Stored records

= Beginning of Section =

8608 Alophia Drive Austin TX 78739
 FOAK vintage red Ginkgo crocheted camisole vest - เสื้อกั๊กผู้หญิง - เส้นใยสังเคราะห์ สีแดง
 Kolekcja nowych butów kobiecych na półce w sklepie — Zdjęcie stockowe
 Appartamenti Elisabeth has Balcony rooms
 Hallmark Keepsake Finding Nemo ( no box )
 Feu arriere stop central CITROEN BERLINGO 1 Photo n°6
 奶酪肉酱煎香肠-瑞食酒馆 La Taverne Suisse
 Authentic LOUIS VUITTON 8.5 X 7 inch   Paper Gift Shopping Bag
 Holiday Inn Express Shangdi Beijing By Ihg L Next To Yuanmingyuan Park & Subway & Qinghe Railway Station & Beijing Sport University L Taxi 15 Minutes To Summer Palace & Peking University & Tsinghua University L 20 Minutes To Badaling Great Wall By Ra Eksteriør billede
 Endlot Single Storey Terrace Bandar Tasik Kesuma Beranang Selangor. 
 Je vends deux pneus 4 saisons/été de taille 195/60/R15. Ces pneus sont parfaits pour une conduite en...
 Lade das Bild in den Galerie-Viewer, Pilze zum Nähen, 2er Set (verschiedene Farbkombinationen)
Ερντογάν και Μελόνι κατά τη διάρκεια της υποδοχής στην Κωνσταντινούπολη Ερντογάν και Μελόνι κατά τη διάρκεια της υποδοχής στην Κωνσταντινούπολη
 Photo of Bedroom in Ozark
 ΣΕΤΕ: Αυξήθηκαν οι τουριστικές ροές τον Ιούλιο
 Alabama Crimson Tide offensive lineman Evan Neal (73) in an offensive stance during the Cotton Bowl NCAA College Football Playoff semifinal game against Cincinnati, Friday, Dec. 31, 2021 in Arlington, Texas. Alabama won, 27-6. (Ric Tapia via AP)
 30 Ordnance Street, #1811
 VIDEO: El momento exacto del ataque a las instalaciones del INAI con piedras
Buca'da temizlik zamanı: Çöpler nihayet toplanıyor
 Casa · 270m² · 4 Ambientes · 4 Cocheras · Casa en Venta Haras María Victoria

= End of Section =

## What the task requires
Whatever appears in the lines above should be copied exactly.

## Task output
8608 Alophia Drive Austin TX 78739
 FOAK vintage red Ginkgo crocheted camisole vest - เสื้อกั๊กผู้หญิง - เส้นใยสังเคราะห์ สีแดง
 Kolekcja nowych butów kobiecych na półce w sklepie — Zdjęcie stockowe
 Appartamenti Elisabeth has Balcony rooms
 Hallmark Keepsake Finding Nemo ( no box )
 Feu arriere stop central CITROEN BERLINGO 1 Photo n°6
 奶酪肉酱煎香肠-瑞食酒馆 La Taverne Suisse
 Authentic LOUIS VUITTON 8.5 X 7 inch   Paper Gift Shopping Bag
 Holiday Inn Express Shangdi Beijing By Ihg L Next To Yuanmingyuan Park & Subway & Qinghe Railway Station & Beijing Sport University L Taxi 15 Minutes To Summer Palace & Peking University & Tsinghua University L 20 Minutes To Badaling Great Wall By Ra Eksteriør billede
 Endlot Single Storey Terrace Bandar Tasik Kesuma Beranang Selangor. 
 Je vends deux pneus 4 saisons/été de taille 195/60/R15. Ces pneus sont parfaits pour une conduite en...
 Lade das Bild in den Galerie-Viewer, Pilze zum Nähen, 2er Set (verschiedene Farbkombinationen)
Ερντογάν και Μελόνι κατά τη διάρκεια της υποδοχής στην Κωνσταντινούπολη Ερντογάν και Μελόνι κατά τη διάρκεια της υποδοχής στην Κωνσταντινούπολη
 Photo of Bedroom in Ozark
 ΣΕΤΕ: Αυξήθηκαν οι τουριστικές ροές τον Ιούλιο
 Alabama Crimson Tide offensive lineman Evan Neal (73) in an offensive stance during the Cotton Bowl NCAA College Football Playoff semifinal game against Cincinnati, Friday, Dec. 31, 2021 in Arlington, Texas. Alabama won, 27-6. (Ric Tapia via AP)
 30 Ordnance Street, #1811
 VIDEO: El momento exacto del ataque a las instalaciones del INAI con piedras
Buca'da temizlik zamanı: Çöpler nihayet toplanıyor
 Casa · 270m² · 4 Ambientes · 4 Cocheras · Casa en Venta Haras María Victoria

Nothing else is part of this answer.